DeGenaro, J., concurs with separate concurring opinion. ¶{109} I concur with my colleagues, because, as alluded to in ¶37, as an inferior court, we are bound by the rationale in Cook and Wilson, as the Ninth, Fourth, Third and Second Appellate Districts have likewise held. However, I write separately because I find Justice Lanzinger's dissent in Wilson persuasive. ¶{110} As noted in Cook, Ohio first enacted a sex offender registration statute in 1963, which was rewritten in 1996, Cook, 83 Ohio St.3d. at 406, and amended subsequently, most recently by Senate Bill 10. And each time R.C. Chapter 2950 has been revised by the General Assembly and reviewed by the Ohio Supreme Court, the amendments passed constitutional muster because incrementally the changes were de minimus from the prior version. ¶{111} However, when comparing R.C. Chapter 2950 as it is today to the version enacted in 1996, let alone the original version enacted in 1963, the requirements and restrictions are vastly different. This is why I find persuasive Justice Lanzinger's conclusion that we can no longer "continue to label these proceedings as civil in nature.
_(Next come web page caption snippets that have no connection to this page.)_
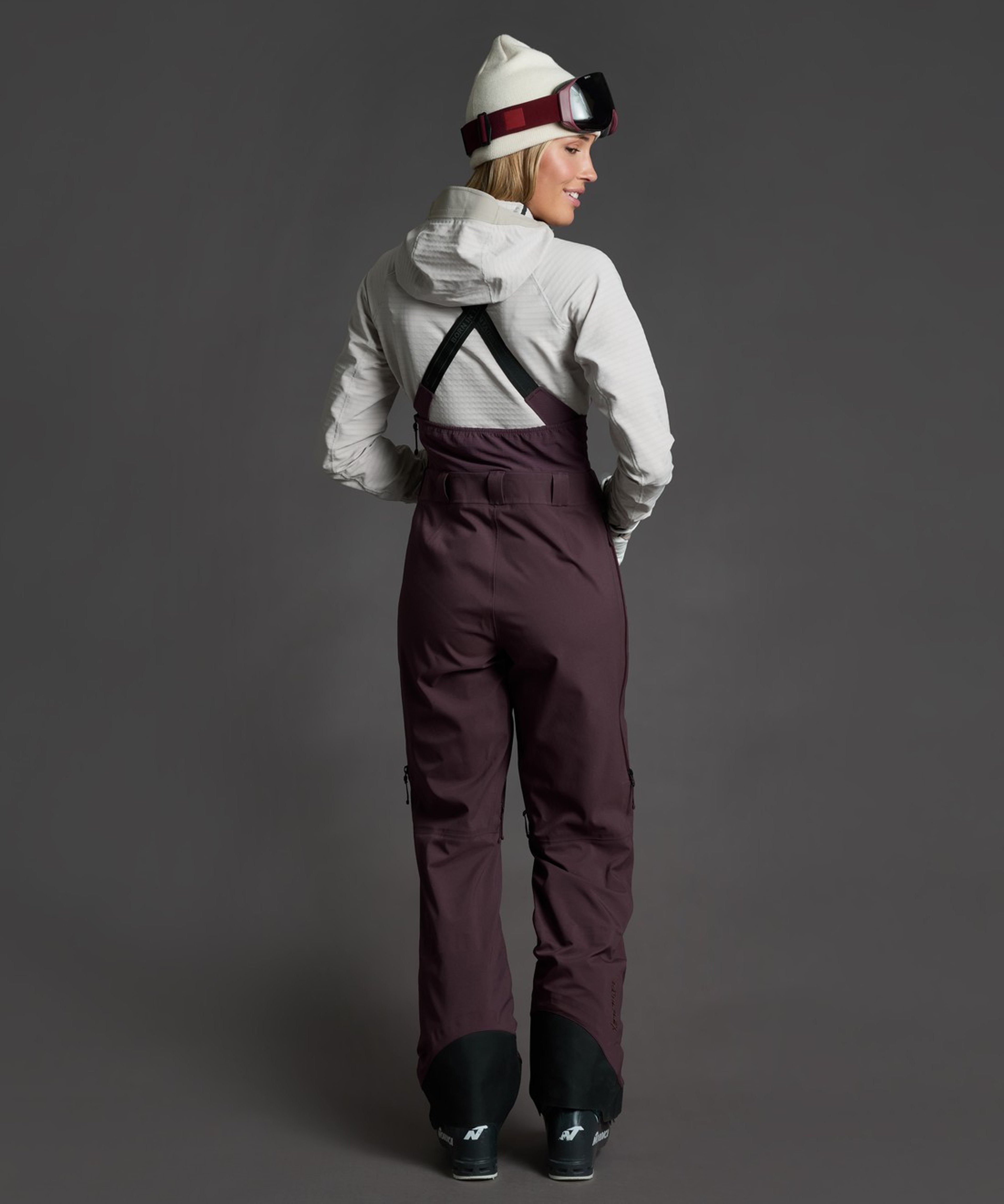 KUHL W's The Defiant Bib Winter Berry Back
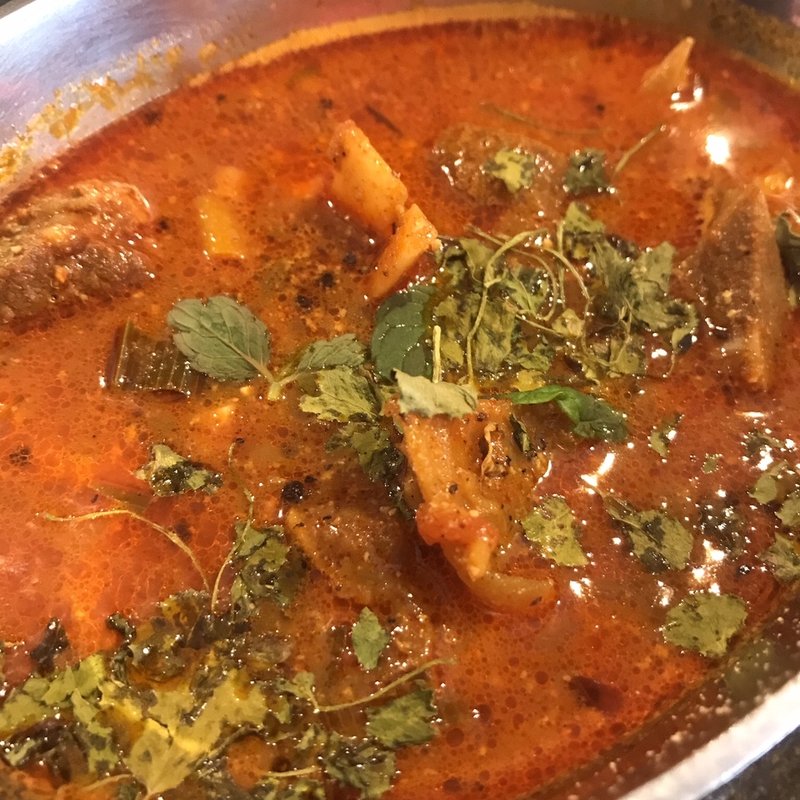 骨付き山羊カレー(大衆スパイス酒場 ニューヤスダヤ)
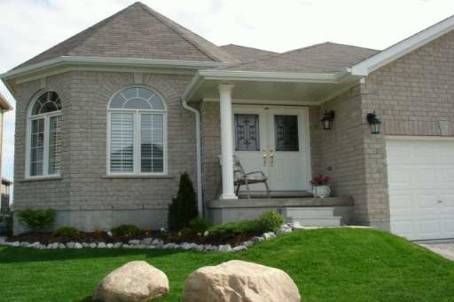 19 Falcon Cres, Barrie, L4N0Y9 | Image 2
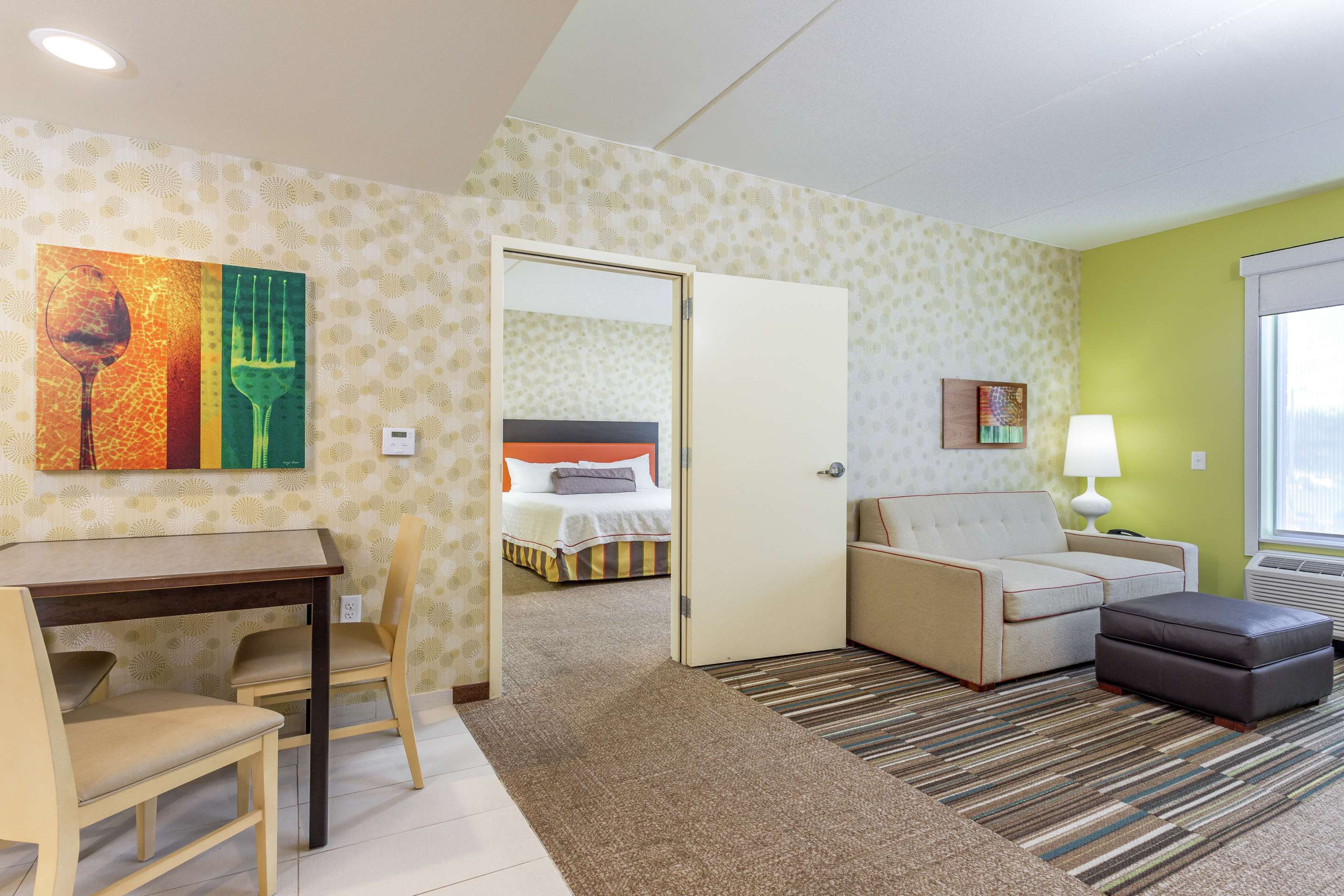 Guest room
These restraints on liberty are the consequences of specific criminal

convictions and should be recognized as part of the punishment that is imposed as a result of the offender's actions." Wilson, at ¶46, (Lanzinger, J., concurring in part and dissenting in part). ¶{112} Accordingly, I believe Senate Bill 10 warrants review by the Ohio Supreme Court to resolve the question raised by Judge Lanzinger in Wilson: whether R.C. Chapter 2950 can still be considered remedial and civil, rather than criminal.